Michael Finnegan writes for the LA Times:
With her White House prospects in jeopardy, Hillary Rodham Clinton has shifted from one tactic to another in trying to overtake rival Barack Obama.
She tried TV ads saying he ducked debates. She accused him of plagiarism. She disparaged his huge crowds. She called his attacks on her shameful and dishonest. On Sunday, Clinton turned to ridicule.
"Now I can stand up here and say: Let's just get everybody together, let's get unified, the sky will open, the light will come down, celestial choirs will be singing, and everyone will know we should do the right thing, and the world will be perfect," Clinton told supporters here at Rhode Island College.
"Maybe I just lived a little long. But I have no illusions about how hard this is going to be," Clinton continued. "You are not going to wave a magic wand and have the special interests disappear."
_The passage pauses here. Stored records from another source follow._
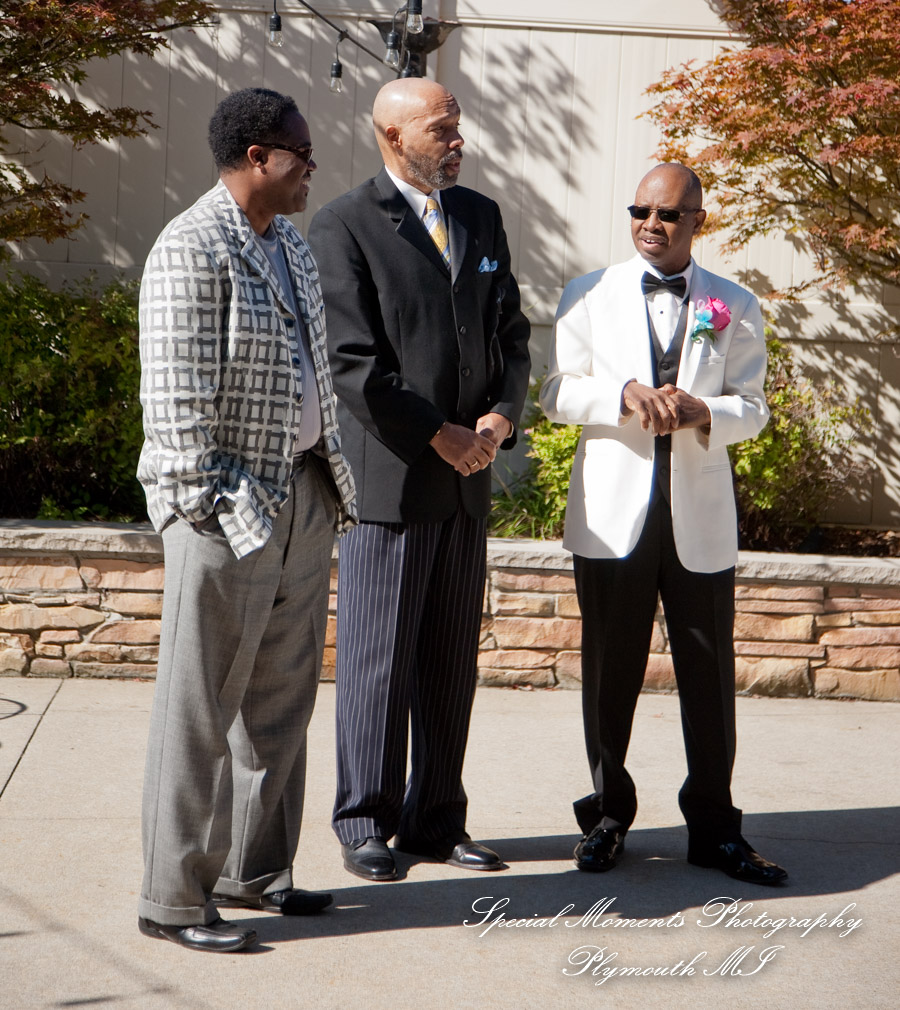 Barbara & Frederick at Roostertail Detroit MI wedding photography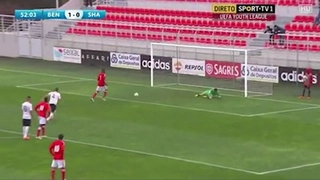 Cú đá penalty theo kiểu panenka siêu tệ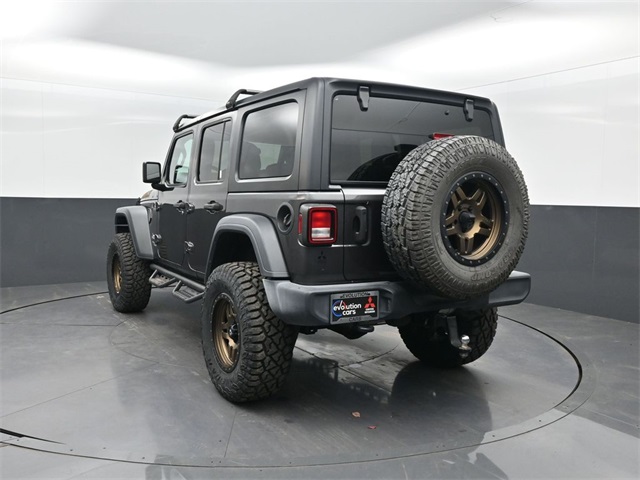 2020 Jeep Wrangler Unlimited Sport S photo 2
Clinton's string of tactical adjustments comes amid Obama's 11-contest winning streak, which has given him the lead in delegates to the party's national convention.
"Most baffling is the inconsistency -- literally the three or four or five approaches we've seen, all within one week," said Roy Behr, a California Democratic strategist not involved in the race. "This is commonly what happens to campaigns when things are not going well."
By contrast, Obama finds himself in the enviable position of sticking with a strategy that has worked well: giving high-minded speeches to large, adoring crowds, including more than 10,000 Sunday in Toledo, Ohio, and delivering the occasional pinprick to Clinton.
The desperation becomes more and more evident with each passing day.